In a move being hailed as “groundbreaking,” Universal Music Group has struck a significant licensing deal with the National Music Publisher’s Association (NMPA) in which independent music publishers will receive a cut of the royalties for their songs being performed in music videos and streaming on video websites such as Vevo.
These things are always complicated, but here’s the scoop in plain English (as best as we understand it). Up until recently, streaming music videos were considered a promotional tool by the labels to encourage music sales, so they neither licensed nor paid for the music appearing in those videos. But as streaming content is rapidly becoming the norm in our increasingly mobile culture, more people have been opting to stream music videos from sites such as YouTube and Vevo on their devices, rather than buy CDs or downloads. As a result, Vevo (which is partly owned by Universal) netted a reported $150 million in revenue last year, none of which went to the indie music publishers and songwriters whose songs were playing in the videos. This discrepancy has resulted in increased pressure on the labels to start paying royalties on music videos as a deliverable product.

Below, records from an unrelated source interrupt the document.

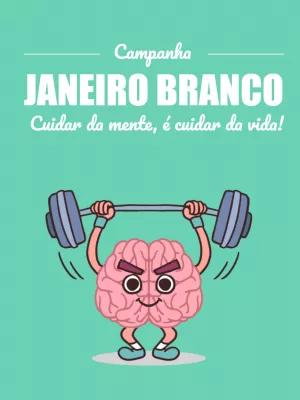 Arte Editável Janeiro Branco sobre Saúde Mental para Post
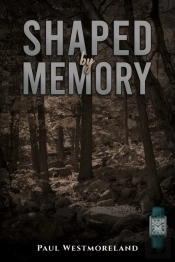 Shaped By Memory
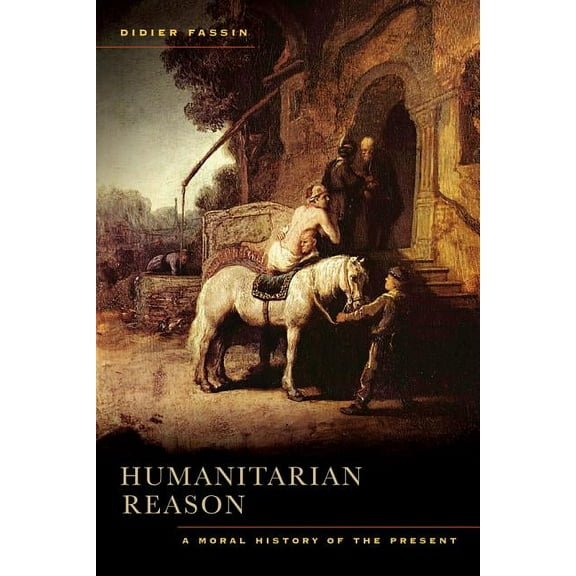 Humanitarian Reason : A Moral History of the Present (Edition 1) (Paperback)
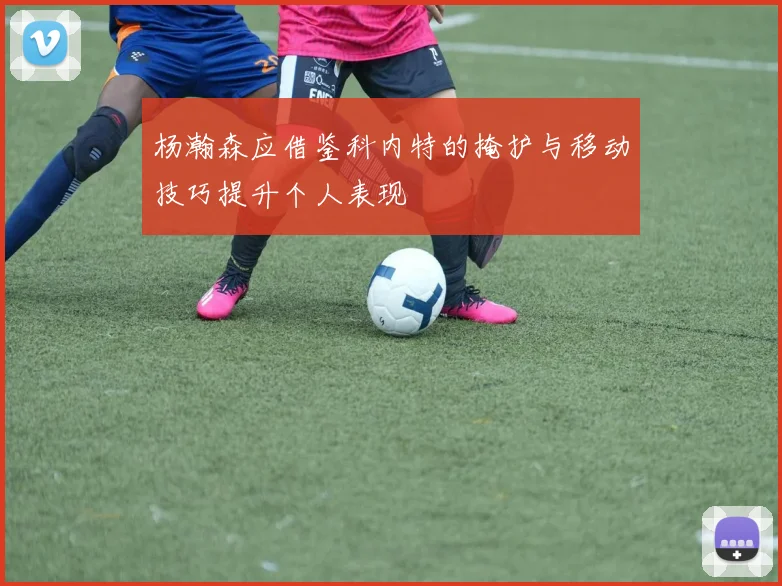 杨瀚森应借鉴科内特的掩护与移动技巧提升个人表现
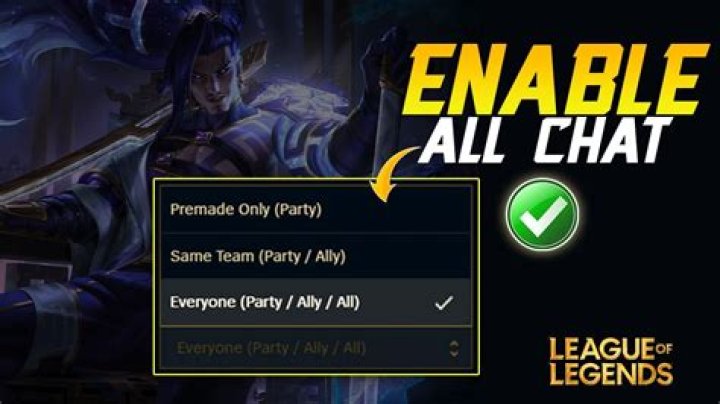 How to enable all chat league of legends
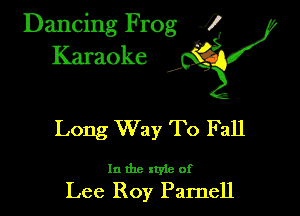 Dancing Frog ?
Kamoke y

Long Way To Fall

In the xtyie of

Lee Roy Parnell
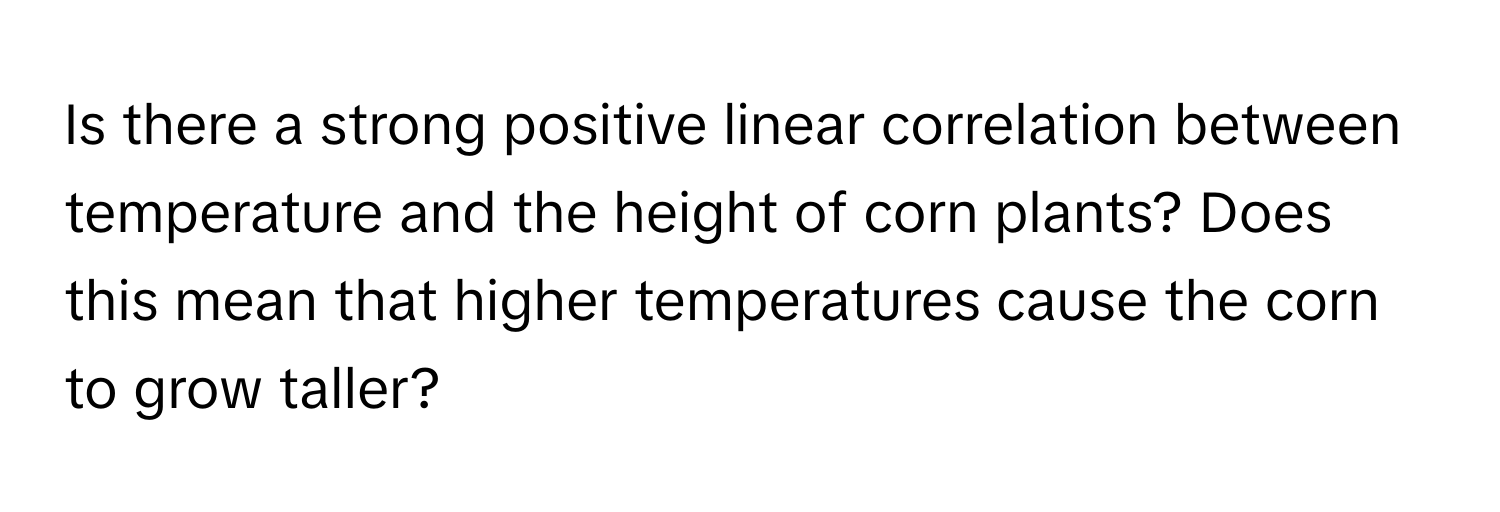 Is there a strong positive linear correlation between temperature and the height of corn plants? Does this mean that higher temperatures cause the corn to grow taller?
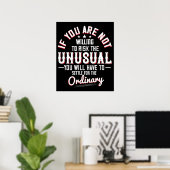 Motivation - Bereitschaft, das Ungewöhnliche zu ri Poster (Heimbüro)
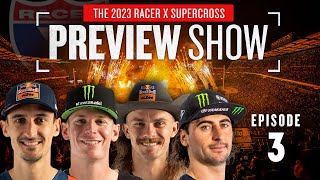 2023 Racer X Supercross Preview Show  Episode 3  Musquin Plessinger Cianciarulo Ferrandis [upl. by Anoel]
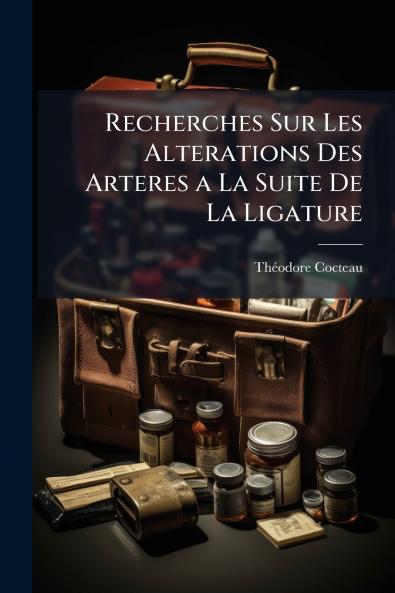 Recherches Sur Les Alterations Des Arteres a La Suite De La Ligature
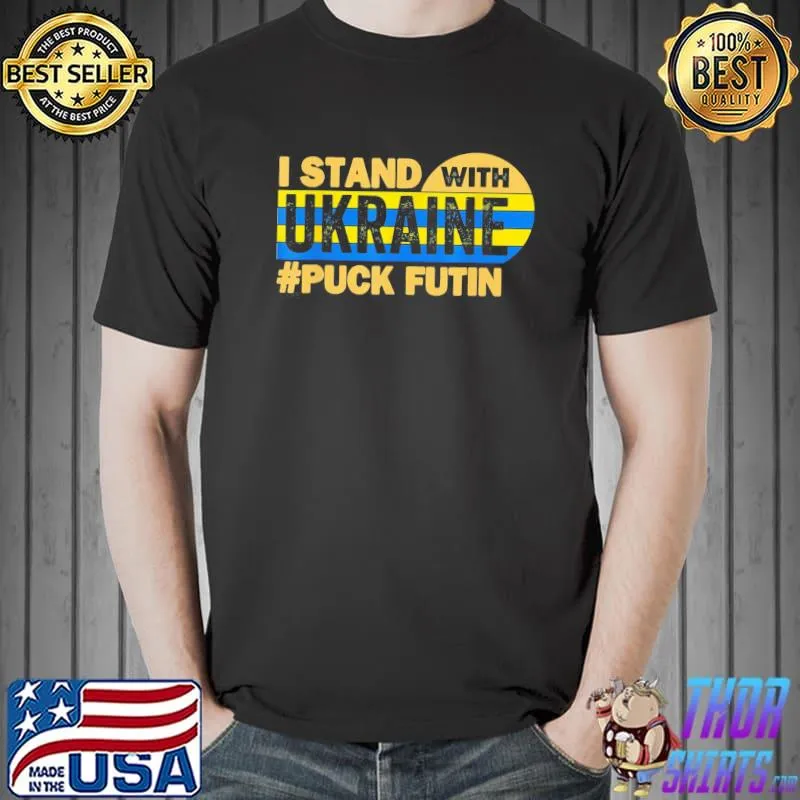 Puck futin stand with Ukraine puck futin stand Ukraine shirt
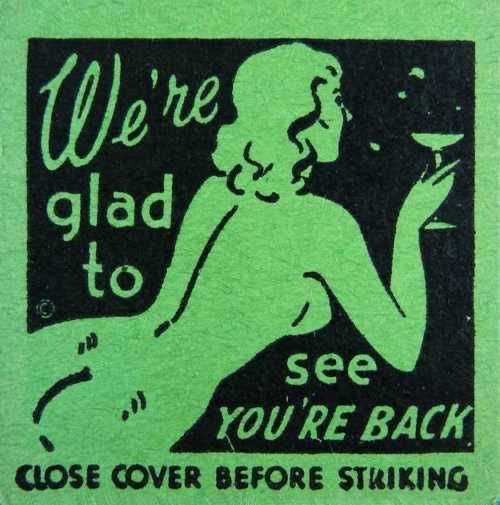 "You are in demand if you can draw!"
Cheeky matchbooks from the 1930s/1940s.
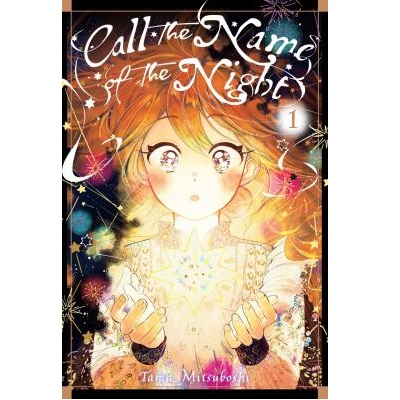 Call the Name of the Night. Vol. 01 by Tama Mitsuboshi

Under the terms of this deal, NMPA member publishers will license their works for use in music videos under the UMG umbrella, and will receive royalties calculated on a percentage of revenue. The deal reportedly also extends to ringtones and other similar products offered by UMG.
The Universal deal is being hailed by NMPA’s CEO David Israelite as a “model licensing deal.” In a recent statement, he said:
“Music videos have become an important part of the music business ecosystem. They are not simply promotional tools to help sell recordings. The agreement announced today is an important first step in resolving industry-wide music video issues.”
The deal is the first of its kind between NMPA and a major label, and will no doubt increase pressure on other labels to follow suit as a rapidly changing music market continues to present challenges to ensure that songwriters, musicians and publishers are fairly compensated for their work.